Show HN: Founderkit Deals – Credits and Discounts for Startup Founders - ryanmickle
https://founderkit.com/deals
======
codegeek
I am not sure if it is just me but what do you mean by "Sometimes it pays to
know the founders"

Are you offering a discount on specific products if I know their founder ?
This sounds silly and I am sure is not the case but that is what the tagline
says to me.

Or are you offering a discount to founders of other companies ?

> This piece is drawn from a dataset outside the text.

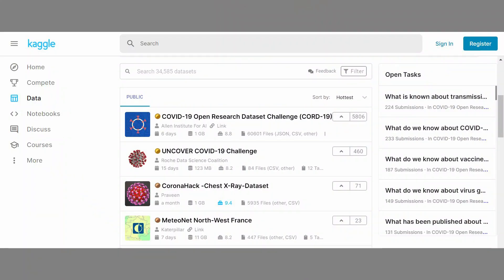Kaggle is a great resource not just for free datasets but also for data science topics in general. They run different competitions, have different training, and generally are a fantastic resource to be aware of.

I suggest you change this tagline. I could not figure out what you do in 5
seconds. It seems like some kind of a discount coupon offering site for saas
products but that line confused the hell out of me.

------
ryanmickle
When Ian and I built Founderkit, we wanted to give founders tools to save
time, make fewer mistakes. One of the things in YC that was always helpful was
credits for services like Heroku, to help get started. We wanted to give this
edge to more founders, so when companies reached out to us after launching, we
asked them to help our founders get started by adding a deal. This is just a
tiny start, and look out for a Heroku deal shortly, but we'd love feedback and
suggestions.

------
ezekg
I agree with codegeek on the tag line, it's confusing and I'm not really sure
what it means.

Also, I think it should be more apparent that some "get started" buttons shoot
off an intro email. I know there's a small disclaimer under the button (which
I noticed after getting the email), but those types of disclaimers are usually
(and easily) ignored.

I was expecting to hit a landing page, or at least get more info on the
company, but was instead sent an email which I wasn't even sure I was
interested in getting. Even changing the verbiage from "get started" to
"request intro" for offers that fire off intro emails.